→ **Data items**:
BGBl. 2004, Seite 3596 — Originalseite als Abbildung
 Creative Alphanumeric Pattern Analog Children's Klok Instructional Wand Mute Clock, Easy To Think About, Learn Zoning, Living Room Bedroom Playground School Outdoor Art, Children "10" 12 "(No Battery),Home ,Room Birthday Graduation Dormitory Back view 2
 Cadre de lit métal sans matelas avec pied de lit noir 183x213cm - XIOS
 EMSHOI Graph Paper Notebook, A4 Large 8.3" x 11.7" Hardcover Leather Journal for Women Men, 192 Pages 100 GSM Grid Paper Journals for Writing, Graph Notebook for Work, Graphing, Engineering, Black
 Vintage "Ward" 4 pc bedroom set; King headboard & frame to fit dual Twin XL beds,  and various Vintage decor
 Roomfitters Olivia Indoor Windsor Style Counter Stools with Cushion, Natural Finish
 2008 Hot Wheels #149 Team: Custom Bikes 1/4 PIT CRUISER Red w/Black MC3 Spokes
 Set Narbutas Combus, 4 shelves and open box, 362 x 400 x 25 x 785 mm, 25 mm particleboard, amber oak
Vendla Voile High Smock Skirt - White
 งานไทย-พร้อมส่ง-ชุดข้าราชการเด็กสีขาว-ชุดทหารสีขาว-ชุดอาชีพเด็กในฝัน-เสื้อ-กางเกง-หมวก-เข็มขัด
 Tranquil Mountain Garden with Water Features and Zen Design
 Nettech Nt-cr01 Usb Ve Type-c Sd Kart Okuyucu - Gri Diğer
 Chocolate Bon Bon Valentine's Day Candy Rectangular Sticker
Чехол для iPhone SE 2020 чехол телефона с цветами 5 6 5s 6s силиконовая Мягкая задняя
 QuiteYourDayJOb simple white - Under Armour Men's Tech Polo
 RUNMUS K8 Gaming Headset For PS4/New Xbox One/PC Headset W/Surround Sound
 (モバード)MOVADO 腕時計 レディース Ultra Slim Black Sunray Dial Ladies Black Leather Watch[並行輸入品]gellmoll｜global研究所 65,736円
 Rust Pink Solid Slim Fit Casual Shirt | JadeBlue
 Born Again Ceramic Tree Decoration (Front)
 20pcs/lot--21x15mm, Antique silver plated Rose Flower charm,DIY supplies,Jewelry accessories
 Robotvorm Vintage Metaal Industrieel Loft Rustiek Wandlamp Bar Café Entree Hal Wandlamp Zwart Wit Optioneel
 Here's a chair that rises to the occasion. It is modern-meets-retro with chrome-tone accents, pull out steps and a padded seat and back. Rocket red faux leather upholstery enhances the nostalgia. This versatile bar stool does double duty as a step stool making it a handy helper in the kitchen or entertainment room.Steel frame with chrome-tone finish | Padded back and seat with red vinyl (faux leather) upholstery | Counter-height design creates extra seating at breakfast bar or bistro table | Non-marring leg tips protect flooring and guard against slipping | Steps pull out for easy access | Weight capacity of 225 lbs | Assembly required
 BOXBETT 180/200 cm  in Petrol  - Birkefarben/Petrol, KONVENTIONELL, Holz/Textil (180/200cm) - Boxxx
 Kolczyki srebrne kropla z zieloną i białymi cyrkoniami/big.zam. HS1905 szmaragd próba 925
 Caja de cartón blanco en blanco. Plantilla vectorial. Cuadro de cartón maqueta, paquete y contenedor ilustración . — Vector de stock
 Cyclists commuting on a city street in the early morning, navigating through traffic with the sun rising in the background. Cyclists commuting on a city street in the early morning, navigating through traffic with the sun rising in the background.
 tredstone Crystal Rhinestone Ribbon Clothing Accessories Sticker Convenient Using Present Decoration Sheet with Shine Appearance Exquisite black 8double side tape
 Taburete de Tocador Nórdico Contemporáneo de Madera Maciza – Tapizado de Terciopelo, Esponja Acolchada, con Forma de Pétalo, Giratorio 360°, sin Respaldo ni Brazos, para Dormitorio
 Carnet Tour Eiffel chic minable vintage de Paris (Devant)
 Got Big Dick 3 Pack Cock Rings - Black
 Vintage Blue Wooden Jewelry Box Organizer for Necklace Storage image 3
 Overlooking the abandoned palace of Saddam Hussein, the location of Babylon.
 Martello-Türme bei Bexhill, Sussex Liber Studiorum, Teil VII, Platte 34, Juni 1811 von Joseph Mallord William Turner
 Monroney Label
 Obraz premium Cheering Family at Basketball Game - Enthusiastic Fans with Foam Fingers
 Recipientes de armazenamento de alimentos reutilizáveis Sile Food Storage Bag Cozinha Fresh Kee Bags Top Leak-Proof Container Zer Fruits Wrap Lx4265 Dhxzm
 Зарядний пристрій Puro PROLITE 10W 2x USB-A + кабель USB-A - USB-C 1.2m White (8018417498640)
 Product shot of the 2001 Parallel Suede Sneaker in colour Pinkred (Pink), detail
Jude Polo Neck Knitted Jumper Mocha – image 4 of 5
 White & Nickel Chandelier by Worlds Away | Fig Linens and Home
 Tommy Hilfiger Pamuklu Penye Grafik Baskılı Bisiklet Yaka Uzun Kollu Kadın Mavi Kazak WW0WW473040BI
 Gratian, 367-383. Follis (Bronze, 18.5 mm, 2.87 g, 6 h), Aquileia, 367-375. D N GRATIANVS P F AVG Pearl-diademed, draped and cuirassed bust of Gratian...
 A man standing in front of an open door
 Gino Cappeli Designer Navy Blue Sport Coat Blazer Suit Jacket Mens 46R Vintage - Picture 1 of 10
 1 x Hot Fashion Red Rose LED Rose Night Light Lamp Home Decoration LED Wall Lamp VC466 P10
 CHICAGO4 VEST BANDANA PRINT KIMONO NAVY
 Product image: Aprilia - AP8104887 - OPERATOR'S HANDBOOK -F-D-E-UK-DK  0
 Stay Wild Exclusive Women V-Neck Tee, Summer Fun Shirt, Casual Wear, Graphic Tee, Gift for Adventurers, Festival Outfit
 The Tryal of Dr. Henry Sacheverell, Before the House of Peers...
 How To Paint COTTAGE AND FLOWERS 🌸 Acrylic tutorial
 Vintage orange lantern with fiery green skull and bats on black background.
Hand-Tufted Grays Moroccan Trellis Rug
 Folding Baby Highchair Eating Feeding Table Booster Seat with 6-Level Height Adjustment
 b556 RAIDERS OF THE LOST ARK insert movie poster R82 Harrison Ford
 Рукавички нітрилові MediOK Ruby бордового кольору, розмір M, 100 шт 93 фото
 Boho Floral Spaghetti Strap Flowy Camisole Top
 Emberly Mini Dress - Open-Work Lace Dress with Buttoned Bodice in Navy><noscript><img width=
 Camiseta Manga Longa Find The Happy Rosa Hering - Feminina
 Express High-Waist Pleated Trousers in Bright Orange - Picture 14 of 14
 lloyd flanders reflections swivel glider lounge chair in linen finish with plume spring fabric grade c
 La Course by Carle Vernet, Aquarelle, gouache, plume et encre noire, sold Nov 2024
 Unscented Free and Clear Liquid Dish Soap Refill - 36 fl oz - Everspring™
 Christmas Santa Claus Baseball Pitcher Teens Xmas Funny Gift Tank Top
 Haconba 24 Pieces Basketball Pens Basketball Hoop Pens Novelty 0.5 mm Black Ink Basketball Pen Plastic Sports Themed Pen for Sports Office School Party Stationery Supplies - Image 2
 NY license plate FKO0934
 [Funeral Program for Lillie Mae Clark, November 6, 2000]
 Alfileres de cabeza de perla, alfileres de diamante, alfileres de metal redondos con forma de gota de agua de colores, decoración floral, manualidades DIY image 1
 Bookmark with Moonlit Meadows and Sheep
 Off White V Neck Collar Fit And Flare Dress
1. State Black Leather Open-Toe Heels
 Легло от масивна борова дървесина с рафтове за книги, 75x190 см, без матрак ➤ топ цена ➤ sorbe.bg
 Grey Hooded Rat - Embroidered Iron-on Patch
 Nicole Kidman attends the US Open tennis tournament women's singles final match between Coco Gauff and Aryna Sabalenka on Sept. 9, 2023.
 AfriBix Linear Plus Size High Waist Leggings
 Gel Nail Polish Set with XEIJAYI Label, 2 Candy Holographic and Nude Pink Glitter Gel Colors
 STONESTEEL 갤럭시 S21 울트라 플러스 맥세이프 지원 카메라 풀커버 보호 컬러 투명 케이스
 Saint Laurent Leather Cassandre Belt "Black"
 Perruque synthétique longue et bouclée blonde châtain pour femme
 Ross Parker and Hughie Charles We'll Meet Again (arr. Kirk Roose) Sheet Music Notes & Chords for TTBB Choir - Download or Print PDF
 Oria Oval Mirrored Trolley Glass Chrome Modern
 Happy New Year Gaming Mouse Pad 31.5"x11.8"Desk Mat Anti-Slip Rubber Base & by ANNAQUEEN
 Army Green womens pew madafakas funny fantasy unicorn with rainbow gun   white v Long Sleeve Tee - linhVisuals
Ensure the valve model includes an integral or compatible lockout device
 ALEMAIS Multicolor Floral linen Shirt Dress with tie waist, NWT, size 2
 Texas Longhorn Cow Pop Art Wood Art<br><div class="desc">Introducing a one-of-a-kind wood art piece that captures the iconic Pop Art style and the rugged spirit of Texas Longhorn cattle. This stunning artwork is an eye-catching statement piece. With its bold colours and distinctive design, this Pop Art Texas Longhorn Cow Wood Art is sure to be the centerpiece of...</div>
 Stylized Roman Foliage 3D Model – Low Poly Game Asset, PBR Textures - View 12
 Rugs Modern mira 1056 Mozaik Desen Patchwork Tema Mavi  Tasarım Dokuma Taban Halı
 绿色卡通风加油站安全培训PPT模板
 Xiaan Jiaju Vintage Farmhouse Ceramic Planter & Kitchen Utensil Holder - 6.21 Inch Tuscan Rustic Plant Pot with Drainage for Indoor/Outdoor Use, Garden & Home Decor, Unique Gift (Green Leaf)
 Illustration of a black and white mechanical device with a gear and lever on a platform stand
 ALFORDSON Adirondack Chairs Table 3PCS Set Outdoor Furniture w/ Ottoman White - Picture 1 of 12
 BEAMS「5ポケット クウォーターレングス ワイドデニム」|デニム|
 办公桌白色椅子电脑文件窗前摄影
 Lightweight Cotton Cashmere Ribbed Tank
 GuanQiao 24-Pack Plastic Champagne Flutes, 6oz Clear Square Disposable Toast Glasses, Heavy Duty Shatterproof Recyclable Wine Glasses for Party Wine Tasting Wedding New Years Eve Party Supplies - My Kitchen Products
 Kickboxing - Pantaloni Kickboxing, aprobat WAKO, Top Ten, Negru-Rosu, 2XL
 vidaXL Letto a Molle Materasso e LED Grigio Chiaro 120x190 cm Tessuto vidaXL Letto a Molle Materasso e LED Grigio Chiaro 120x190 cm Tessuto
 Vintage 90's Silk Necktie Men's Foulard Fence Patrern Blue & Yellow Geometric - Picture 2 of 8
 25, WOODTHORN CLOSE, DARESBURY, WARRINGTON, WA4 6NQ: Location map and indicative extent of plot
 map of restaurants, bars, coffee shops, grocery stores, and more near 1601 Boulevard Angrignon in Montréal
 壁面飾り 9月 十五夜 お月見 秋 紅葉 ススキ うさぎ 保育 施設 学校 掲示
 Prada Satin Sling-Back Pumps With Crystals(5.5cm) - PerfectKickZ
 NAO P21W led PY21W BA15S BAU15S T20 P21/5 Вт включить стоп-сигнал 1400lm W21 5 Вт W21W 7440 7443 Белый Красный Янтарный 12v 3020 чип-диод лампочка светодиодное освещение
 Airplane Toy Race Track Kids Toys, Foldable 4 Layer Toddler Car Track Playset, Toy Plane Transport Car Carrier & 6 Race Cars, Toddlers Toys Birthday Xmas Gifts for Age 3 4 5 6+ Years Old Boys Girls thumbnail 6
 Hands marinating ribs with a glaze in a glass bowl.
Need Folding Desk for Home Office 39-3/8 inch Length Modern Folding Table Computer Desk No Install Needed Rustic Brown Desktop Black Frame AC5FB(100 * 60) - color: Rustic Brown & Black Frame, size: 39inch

→ **Your instructions**:
Set down exactly the lines that begin with the one containing "壁面飾り 9月 十五夜 お月見 秋 紅葉 ススキ うさぎ 保育 施設 学校 掲示" and end with the last line above, and no others.

→ **Reply**:
 壁面飾り 9月 十五夜 お月見 秋 紅葉 ススキ うさぎ 保育 施設 学校 掲示
 Prada Satin Sling-Back Pumps With Crystals(5.5cm) - PerfectKickZ
 NAO P21W led PY21W BA15S BAU15S T20 P21/5 Вт включить стоп-сигнал 1400lm W21 5 Вт W21W 7440 7443 Белый Красный Янтарный 12v 3020 чип-диод лампочка светодиодное освещение
 Airplane Toy Race Track Kids Toys, Foldable 4 Layer Toddler Car Track Playset, Toy Plane Transport Car Carrier & 6 Race Cars, Toddlers Toys Birthday Xmas Gifts for Age 3 4 5 6+ Years Old Boys Girls thumbnail 6
 Hands marinating ribs with a glaze in a glass bowl.
Need Folding Desk for Home Office 39-3/8 inch Length Modern Folding Table Computer Desk No Install Needed Rustic Brown Desktop Black Frame AC5FB(100 * 60) - color: Rustic Brown & Black Frame, size: 39inch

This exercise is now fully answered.